The concept of pooling money to increase investment opportunities and reduce risk is not new.   Mutual funds, real estate investment trusts, and master limited partnerships have given Wall Street the power to collect smaller amounts of money from many investors with the goal of increasing returns while reducing volatility. Today, many successful IRA investors are looking to adopt similar strategies to broaden their investment horizons.

Historically, investors were driven toward investments like bank CDs, mutual funds, bonds or stocks. But not only can individuals invest individually or pool investments with others, they can also select from a broader range of assets. These “alternative” investments include any asset not publicly traded on a listed exchange, such as private equities, limited partnerships (LPs), real estate, limited liability companies (LLCs), mortgages/deeds of trust, etc.

Interest is Growing

Even companies like Dell Computer and Berkshire Hathaway were once private investments that went on to become mainstays in the U.S. market. Several investment professionals have forecasted that returns from traditional asset classes, like stocks, will not be as high over the next decade. Combining lower returns with the estimated $14 trillion dollars rolling into IRAs from baby boomers and greater investor sophistication, alternative assets are one of the fastest growing sectors for investment.

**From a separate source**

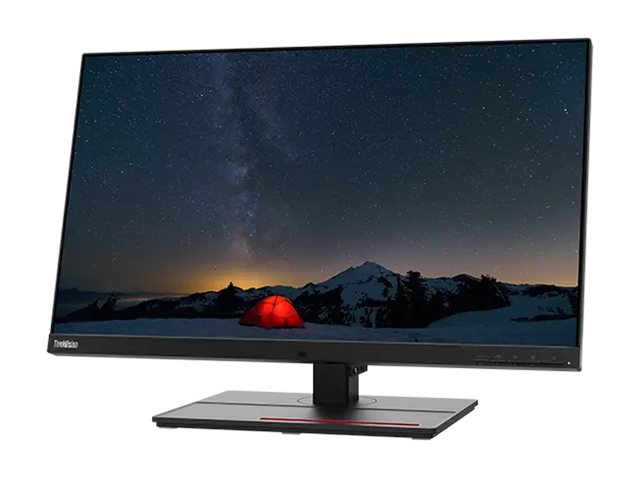 Lenovo ThinkVision P27u-20 - LED-Monitor - 69 cm (27")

Alternative investments can also provide greater diversification and often produce returns with a low correlation between conventional shares and fixed interest assets. The level of correlation depends on the specific type of alternative investment considered and the make-up of an investor’s existing portfolio. If well-chosen, the addition of alternative assets may increase one’s level of total portfolio return with little or no extra risk. When a Roth IRA is used, money earned on the investment can grow tax-free.

Pooling IRA Funds

Looking to duplicate the success of others, many savvy IRA investors are combining these two concepts--pooled money and alternative investments. Many are forming limited partnerships or limited liability companies to take advantage of the growing popularity of alternative investments. Others are simply looking at individual investment opportunities, like commercial real estate projects or pooling funds with a few associates.

Pros and Cons

Benefits of pooled investments include enhanced opportunities; exposure to investment expertise from investors and/or experts, and diversifying money across a broader range of investments, potentially reducing the overall impact of lower performing investments.

The downside includes lack of a secondary market for selling such illiquid investments , potential difficulty in determining fair market value, having to commit money for a minimum period and reduced regulatory oversight, since alternative investment...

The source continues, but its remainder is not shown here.